International Women’s Day Is a Socialist Holiday
In much of the world, International Women’s Day has become a bland and largely apolitical event. But it has its origins in working women’s struggles — including those that gave rise to a mass socialist women’s movement.
International Women’s Day 2023 is unrecognizable from the event launched by the Socialist Women’s Conference of the Second International in 1910. Its roots in that movement have been buried under an avalanche of advertising aimed at convincing women that capitalism provides the key to their personal happiness.
Indeed, its bourgeois version is determined to deny its historical antecedents in the communist and socialist movement — and its legacy as a day when working-class women came onto the streets of towns and cities around the world to call for the overthrow of capitalism. If we are to reclaim and build on that history, then we first need to familiarize ourselves with it. In their book The Communist Women’s Movement, 1920–22: Proceedings, Resolutions, and Reports, Michael Taber and Daria Dyakonova give us an unprecedented opportunity to do just that, as they bring to life the history of a remarkable movement.
This is in fact the ninth book in a series documenting the early Communist International (Comintern), initiated by John Riddell in 1983 when he set out, in Taber’s words, to “chronicle the development of this dynamic revolutionary undertaking in its own words and to show it as a living movement.” Taber and Dyakonova renew this commitment with an ambitious project detailing the early years of the Communist Women’s Movement (CWM), one of the most significant organizations established by the Comintern. They have brought together the entire set of proceedings, reports, and resolutions of the 1920 and 1921 conferences of the CWM in Moscow. This is paired with similar documents from the conference of the women of the Near East in Tiflis (today’s Tbilisi, Georgia) in December 1921, and reports from the conferences of women’s correspondents and the constituent parts of the CWM.

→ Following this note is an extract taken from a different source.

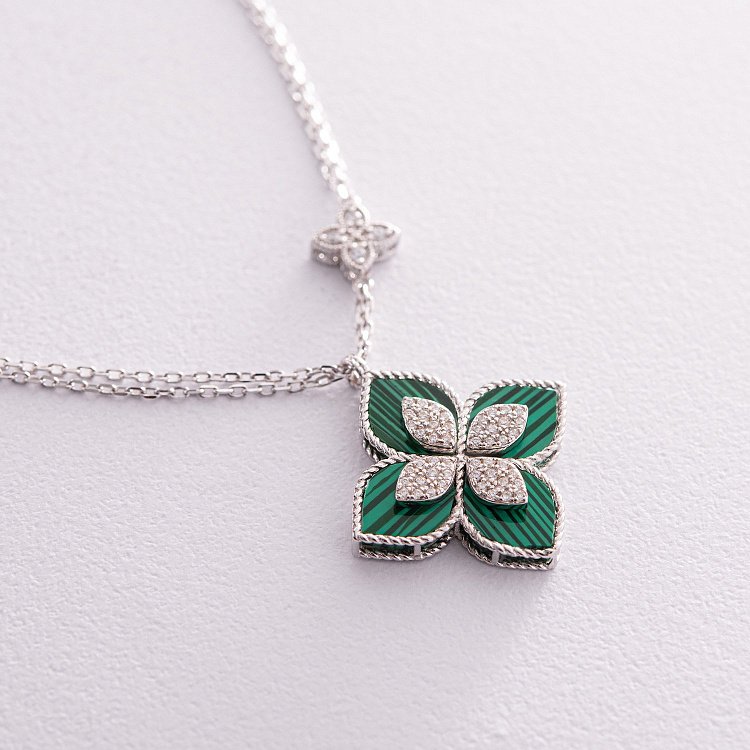 Срібне кольє "Конюшина" (синт. малахіт, фіаніти) 181231 від ювелірного магазину Онікс - 2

Much of the material is archival and has never been published before, with more than 80 percent of it translated into English for the first time. The transcripts of the 1920 and 1921 conferences bring to light crucial debates not only over the direction of CWM but that of the Comintern itself. And they show how delegates developed methods to ensure that the programmatic commitment to women’s liberation found real expression in all aspects of the Comintern and its constituent parties.
High Point
As Taber and Dyakonova point out in their introductions, the documents in this volume reflect the high point of the CWM. Up to 1923, it had a prominent role in the Comintern, as an organization that inspired hundreds of thousands of working-class women to join communist parties, so-called “Red” trade unions, and the communist youth sections. Then, reflecting a general clampdown on political autonomy within Comintern itself, the CWM’s role was downgraded, and its leadership directed that its sole task was to recruit women to the International.
In narrowing its ability to act autonomously, the CWM lost much of its élan and its sense of purpose as a project for women’s self-emancipation within the communist movement. Its leadership was moved from Berlin to Moscow in 1924 and its international journal, Die Kommunistische Fraueninternationale, closed down in 1925. In 1926, all remaining freedom of action was eradicated and its leadership placed directly under the control of the Comintern executive, with its status changed to a department of that body.
But although the CWM experience was short-lived, it was a richly interesting one. This book allows us access for the first time to the ideas it debated and developed in order to fuse the struggle for women’s liberation with the communist project. Like the Zhenotdel (Women’s Department of the Russian Communist Party), it sought to develop in practice proposals for the socialization of domestic labor and childcare first argued for by Friedrich Engels in The Origin of the Family, Private Property and the State, and by August Bebel in his Woman and Socialism.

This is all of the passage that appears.